Revelation used to scare me. On the rare occasions that I heard it read in church growing up, it evoked images of terrifying creatures, a ruthless God and the dark depths of Hell, leaving me feeling quite alienated. But as my faith and experience of God has grown, my interpretation of this book has completely flipped. The message to Thyatira, and to the other churches, play a profound part in this. Each message roots our understanding of the later visions within a specific context, (some or all of which we might recognise within our own contexts) affirming and acknowledging the lives and struggles of all of us; whatever our circumstances, we are noticed by God.
In what ways might God affirm the work of your church?

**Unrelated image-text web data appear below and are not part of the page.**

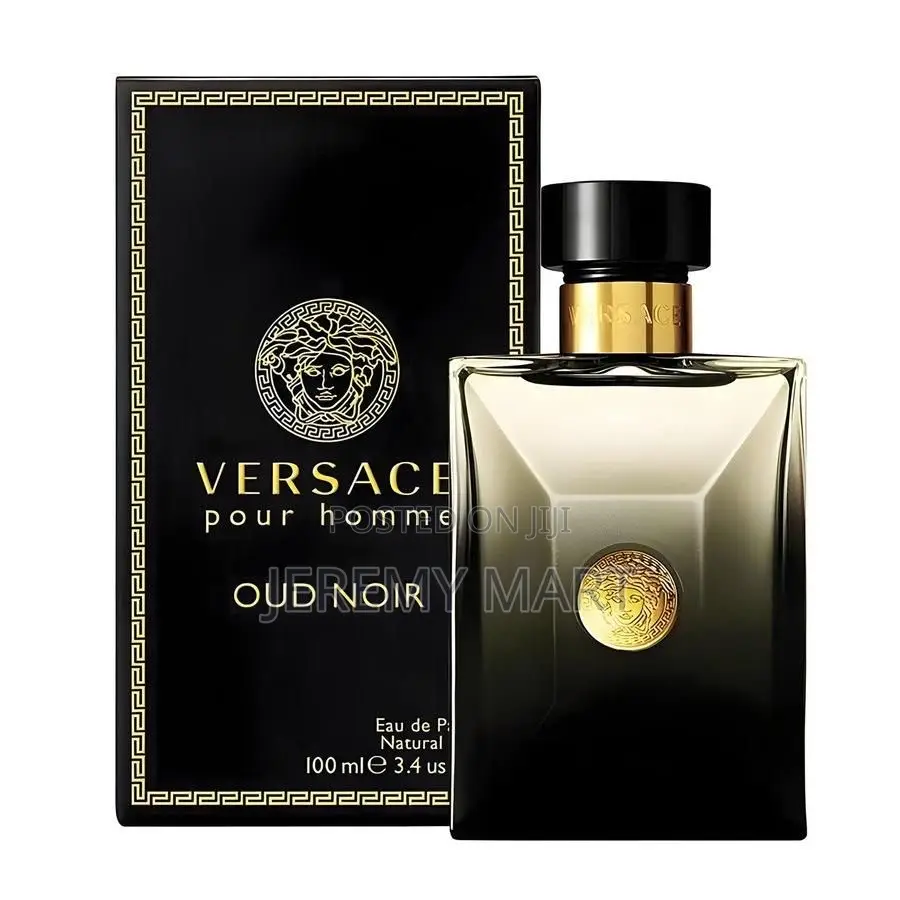 Versace Oud Noir Perfume for Him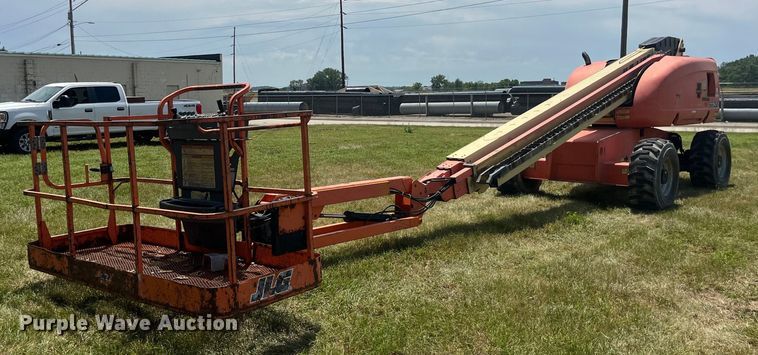 2007 JLG 660SJ boom lift - EK8748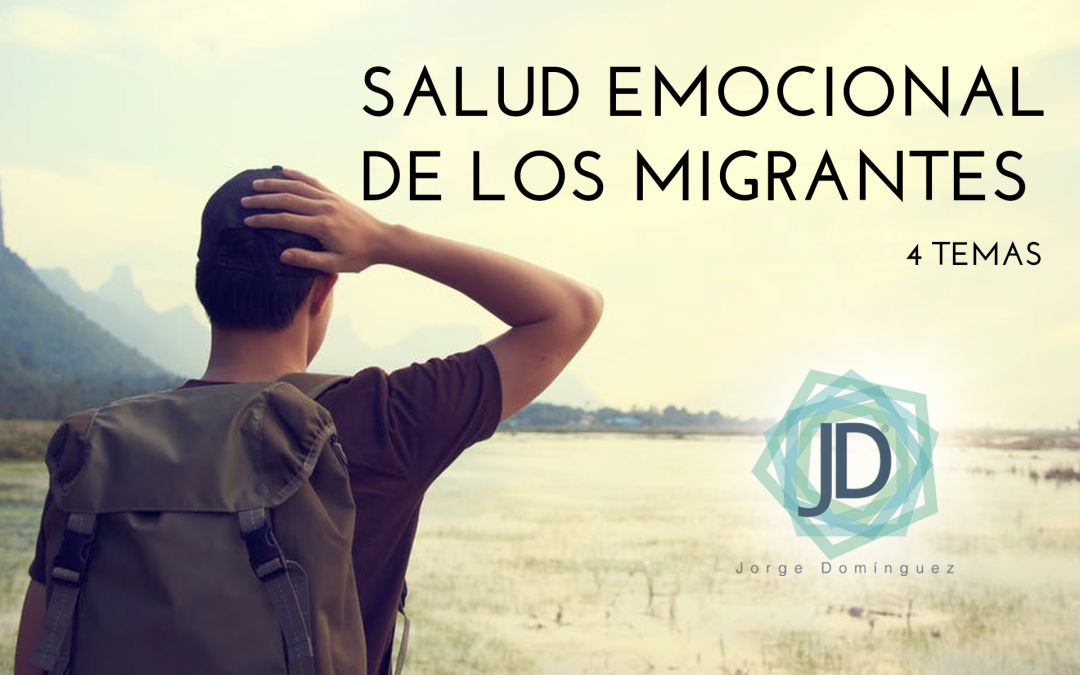 salud emocional y migración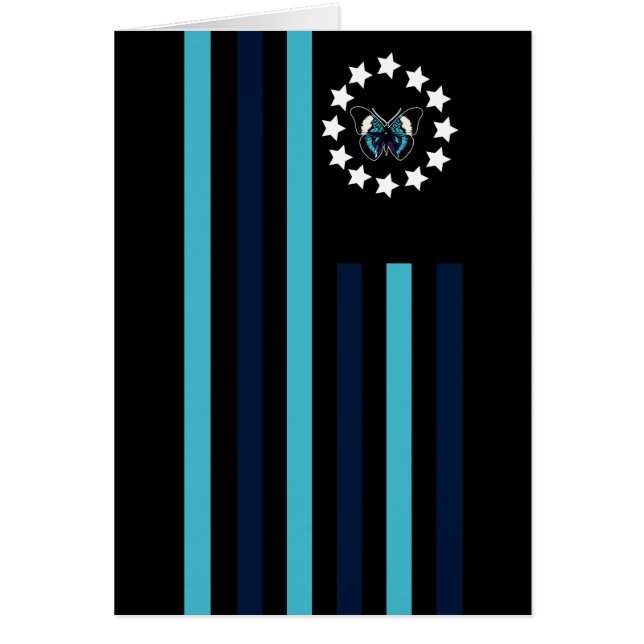 蝶 – 旗 (正面)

Following on from the affirmation that believers in Thyatira have pleased God, the message continues into chastisement. The fornication and idol worship we hear of is still happening around those who do not indulge and this is problematic. But why? After all, there is also the promise of resurrection for all those that have been and remain faithful – surely it is a mission accomplished?
But once we start to unpack what those actions might be, questions about who is being exploited, who is losing, who is suffering, arise. There is no need for any exploitation or oppression within God’s abundant creation – no one needs to wait until death to be with God in God’s realm. We are invited right now to join in the dance of the kingdom – at times gruelling to dance, but powerful and beautiful, bringing change right now.

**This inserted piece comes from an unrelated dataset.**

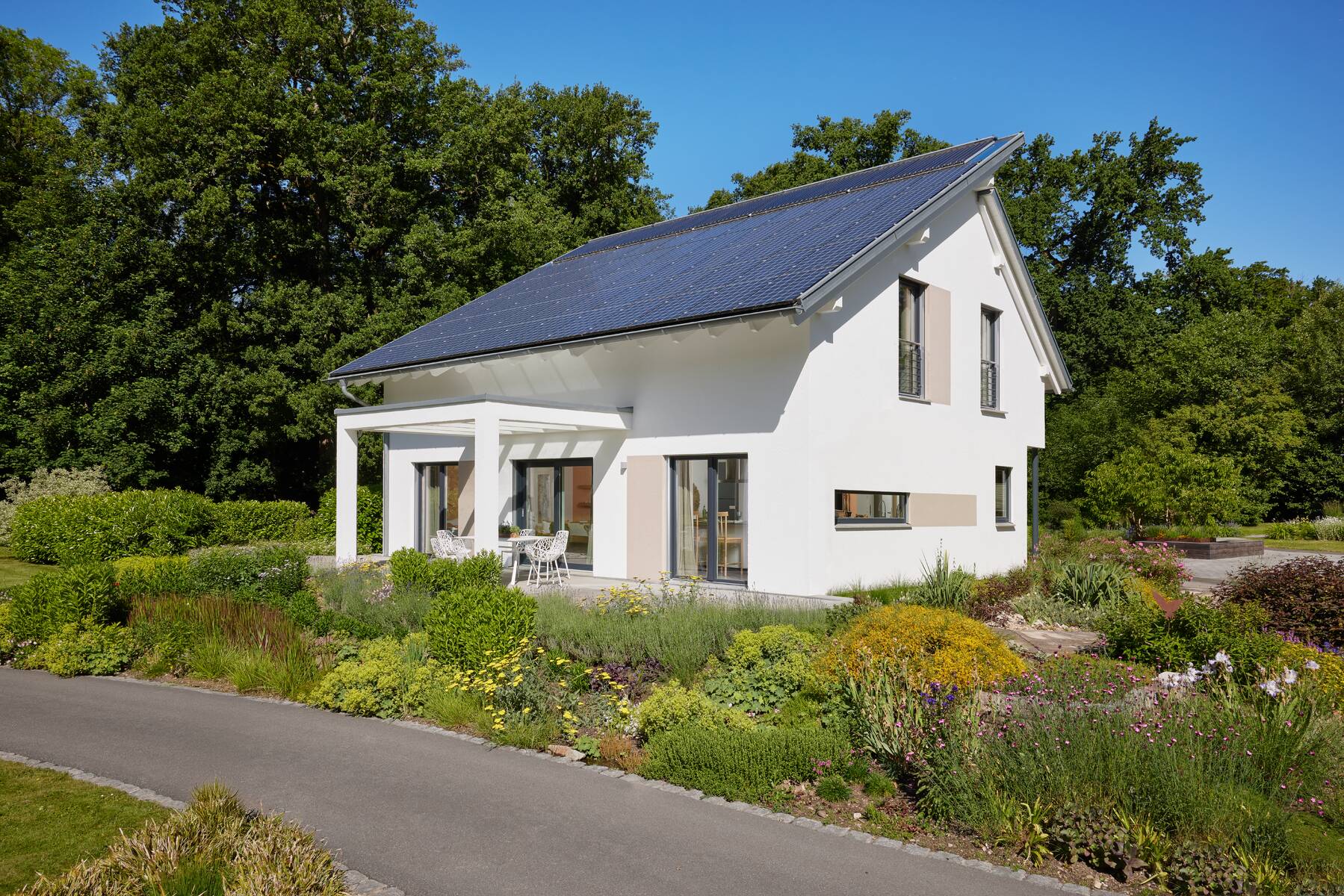 Musterhaus aus der Baureihe generation5.5 Musterhaus Rheinau-Linx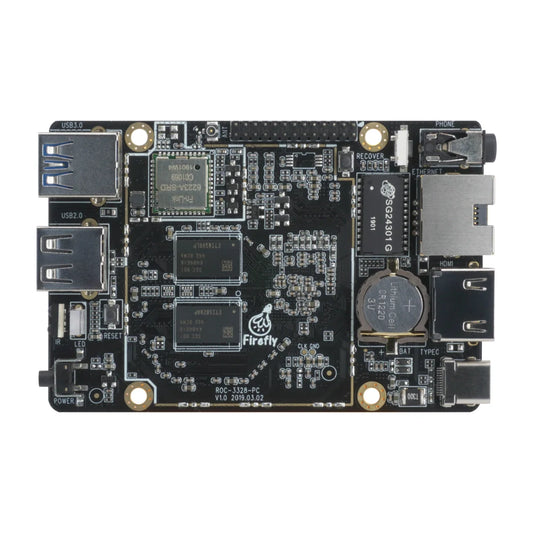ROC-RK3328-PC Quad-core 64-bit ARM Single Board Computer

How well do you know your context? What does your church tolerate in the local community and further afield that enables exploitation and oppression? How will you respond?
Faithful God who loves and delights in us, Thank you that you see and know us. Challenge and guide us, if only we have ears to hear. Make us intolerant of all that exploits and oppresses. In the certain knowledge of your love, empower us to respond, revealing to us the threads that bind your kingdom, and showing us how to contribute. May your kingdom come on earth, just as it is in heaven, Amen.